Jaabari ayant été offi­ciel­lement mis en garde (dans Ha'Aretz, [les deux reporters] Amos Harel et Avi Issa­charoff ont signalé la semaine der­nière que la cam­pagne d'assassinats de diri­geants du Hamas ris­quait de reprendre), il a été exécuté le 14 novembre, action qu'Israël s'est empressé de reven­diquer. Le message est aussi simple que limpide : tu as échoué, tu es mort. Ou, comme aime à le dire le ministre de la Défense Ehoud Barak : « Au Moyen-​​Orient, les faibles n'ont pas droit à une seconde chance. »

L'assassinat de Jaabari entrera dans l'Histoire comme une opé­ration mili­taire tape-à-l'œil de plus déclenchée par un gou­ver­nement sortant à la veille d'une échéance élec­torale. Le conflit exté­rieur permet à un gou­ver­nement de se conso­lider sur le plan inté­rieur parce que l'opinion publique se ras­semble der­rière l'armée, alors que les pro­blèmes sociaux et écono­miques se trouvent rejetés à l'arrière-plan.

Une recette que l'on connaît depuis 1955, quand [le fon­dateur de l'Etat d'israël] David Ben Gourion, rentré de sa retraite dans le kib­boutz de Sde Boker, avait lancé les forces israé­liennes dans une action de repré­sailles à Gaza, ce qui avait valu au Mapaï, son parti, de rem­porter les élections.

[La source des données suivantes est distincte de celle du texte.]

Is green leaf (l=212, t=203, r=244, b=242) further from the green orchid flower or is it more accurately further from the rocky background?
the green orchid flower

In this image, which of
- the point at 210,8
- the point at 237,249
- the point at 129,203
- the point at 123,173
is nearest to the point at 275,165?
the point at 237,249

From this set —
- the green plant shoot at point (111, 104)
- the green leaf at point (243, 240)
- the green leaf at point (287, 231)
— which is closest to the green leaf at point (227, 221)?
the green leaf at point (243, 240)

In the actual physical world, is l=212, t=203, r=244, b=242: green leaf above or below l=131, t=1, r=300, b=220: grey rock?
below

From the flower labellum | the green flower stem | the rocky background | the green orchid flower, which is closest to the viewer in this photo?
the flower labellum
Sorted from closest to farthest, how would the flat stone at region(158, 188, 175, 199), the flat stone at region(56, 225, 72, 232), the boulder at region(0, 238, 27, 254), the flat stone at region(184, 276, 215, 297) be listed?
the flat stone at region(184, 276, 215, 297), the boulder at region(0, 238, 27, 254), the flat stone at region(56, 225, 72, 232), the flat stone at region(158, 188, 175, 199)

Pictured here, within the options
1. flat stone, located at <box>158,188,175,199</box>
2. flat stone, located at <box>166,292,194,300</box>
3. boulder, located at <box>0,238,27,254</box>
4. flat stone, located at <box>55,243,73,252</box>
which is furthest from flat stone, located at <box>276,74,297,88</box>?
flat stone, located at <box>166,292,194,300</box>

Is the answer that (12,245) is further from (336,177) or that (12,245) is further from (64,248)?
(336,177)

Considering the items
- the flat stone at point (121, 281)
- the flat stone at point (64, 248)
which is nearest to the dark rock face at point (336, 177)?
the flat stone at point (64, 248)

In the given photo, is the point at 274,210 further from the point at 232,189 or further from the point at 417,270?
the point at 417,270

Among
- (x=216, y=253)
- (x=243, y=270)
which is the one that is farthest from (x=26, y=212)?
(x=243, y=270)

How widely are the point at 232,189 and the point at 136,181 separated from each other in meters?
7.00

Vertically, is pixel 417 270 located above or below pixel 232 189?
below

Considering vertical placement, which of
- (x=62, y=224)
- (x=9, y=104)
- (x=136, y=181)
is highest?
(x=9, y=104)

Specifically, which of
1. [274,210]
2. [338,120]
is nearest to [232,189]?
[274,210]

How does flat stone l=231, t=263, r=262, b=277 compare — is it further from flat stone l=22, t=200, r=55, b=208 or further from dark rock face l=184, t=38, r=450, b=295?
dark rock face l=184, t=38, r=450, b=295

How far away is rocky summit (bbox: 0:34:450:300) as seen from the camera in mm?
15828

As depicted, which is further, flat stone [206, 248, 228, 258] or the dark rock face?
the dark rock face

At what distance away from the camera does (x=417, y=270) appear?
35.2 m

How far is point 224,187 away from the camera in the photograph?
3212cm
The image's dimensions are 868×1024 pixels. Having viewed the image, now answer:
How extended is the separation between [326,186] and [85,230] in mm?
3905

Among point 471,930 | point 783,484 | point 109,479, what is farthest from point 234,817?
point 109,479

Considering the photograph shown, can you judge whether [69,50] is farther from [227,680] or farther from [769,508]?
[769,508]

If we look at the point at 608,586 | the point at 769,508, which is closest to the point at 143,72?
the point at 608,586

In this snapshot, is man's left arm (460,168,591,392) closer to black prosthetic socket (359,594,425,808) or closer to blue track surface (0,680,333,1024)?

Depuis, chaque fois que le parti au pouvoir se sent menacé dans l'isoloir, il pose son doigt sur la détente. Les exemples nous sont fami­liers : le lan­cement du missile Shavit 2 en 1961, en pleine affaire Lavon [les ser­vices israé­liens avaient organisé des attentats antioc­ci­dentaux en Egypte afin de dis­cré­diter le régime de Nasser] ; le bom­bar­dement du réacteur irakien Osirak en 1981 ; l'opération « Raisins de la colère » au Liban en 1996, et l'opération « Plomb durci » à Gaza avant les élec­tions de 2009. Dans ces deux der­niers cas, les opé­ra­tions mili­taires ont abouti à une défaite électorale.

Torpiller Ehoud Olmert

L'opération actuel­lement en cours, dite Colonne de nuée [ou Pilier de défense], appar­tient à cette caté­gorie. Le Premier ministre Benyamin Néta­nyahou espère neu­tra­liser tous ses rivaux poten­tiels, et le ministre de la Défense Ehoud Barak se bat pour récolter assez de voix afin de revenir à la Knesset.

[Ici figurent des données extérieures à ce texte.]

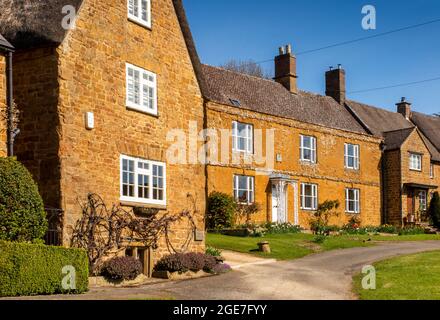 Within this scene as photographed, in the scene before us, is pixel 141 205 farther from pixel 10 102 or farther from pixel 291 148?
pixel 291 148

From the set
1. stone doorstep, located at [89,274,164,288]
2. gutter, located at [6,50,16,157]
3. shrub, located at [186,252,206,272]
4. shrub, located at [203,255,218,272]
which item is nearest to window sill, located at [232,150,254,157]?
shrub, located at [203,255,218,272]

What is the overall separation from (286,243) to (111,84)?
39.9 feet

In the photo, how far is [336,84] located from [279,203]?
12813mm

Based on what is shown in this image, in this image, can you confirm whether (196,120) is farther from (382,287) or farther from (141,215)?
(382,287)

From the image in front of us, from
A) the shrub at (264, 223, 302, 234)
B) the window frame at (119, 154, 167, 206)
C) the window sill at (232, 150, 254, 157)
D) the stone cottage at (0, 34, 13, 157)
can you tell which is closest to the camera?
the stone cottage at (0, 34, 13, 157)

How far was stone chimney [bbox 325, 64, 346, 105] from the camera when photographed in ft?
158

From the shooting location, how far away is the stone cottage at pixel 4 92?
18.8 m

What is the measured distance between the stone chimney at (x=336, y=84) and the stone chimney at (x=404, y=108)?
341 inches

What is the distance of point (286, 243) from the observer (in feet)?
98.1

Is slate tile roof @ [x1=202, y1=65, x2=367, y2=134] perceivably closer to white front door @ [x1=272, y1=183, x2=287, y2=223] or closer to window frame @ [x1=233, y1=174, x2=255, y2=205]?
window frame @ [x1=233, y1=174, x2=255, y2=205]

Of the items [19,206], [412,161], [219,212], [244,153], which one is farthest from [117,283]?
[412,161]

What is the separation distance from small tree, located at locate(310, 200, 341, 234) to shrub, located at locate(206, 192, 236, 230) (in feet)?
23.9

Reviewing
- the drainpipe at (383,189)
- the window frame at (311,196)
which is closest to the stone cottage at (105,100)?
the window frame at (311,196) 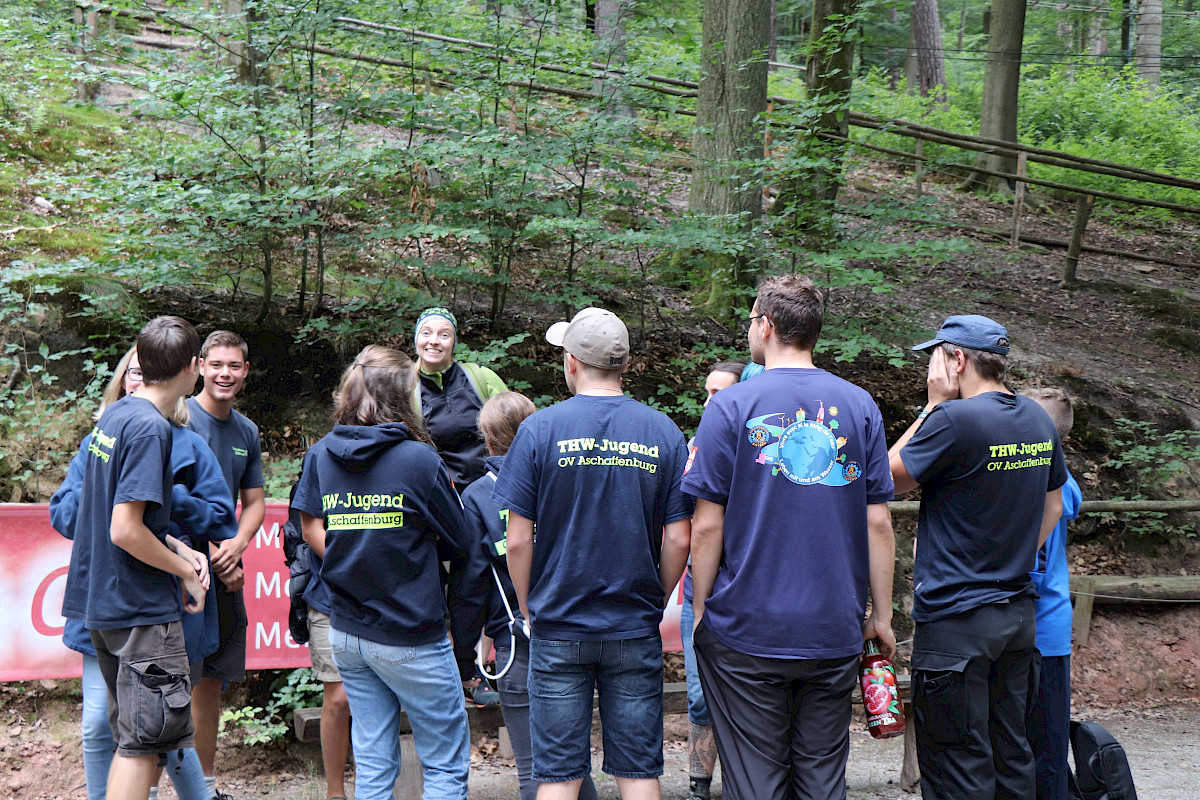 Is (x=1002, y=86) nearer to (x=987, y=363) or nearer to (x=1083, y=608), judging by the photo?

Cette offensive contre le Hamas a tor­pillé les espoirs élec­toraux d'Ehoud Olmert l'indécis [l'ex-Premier-ministre cen­triste, 2006-​​2009], dont les fidèles atten­daient qu'il annonce sa can­di­dature le soir du 14 novembre en bran­dissant un pro­gramme axé sur la « question sociale et économique ».

Quand tonne le canon, on ne voit plus que Néta­nyahou et Barak sur nos écrans, et tous les autres poli­ti­ciens ne peuvent que les applaudir. Le 22 janvier [date prévue des élec­tions légis­la­tives en Israël], le résultat poli­tique de l'opération sera évident. En revanche, ses consé­quences stra­té­giques sont plus com­plexes : Israël va devoir se trouver un nouveau sous-​​traitant à la place d'Ahmed Jaabari pour sur­veiller la fron­tière Sud.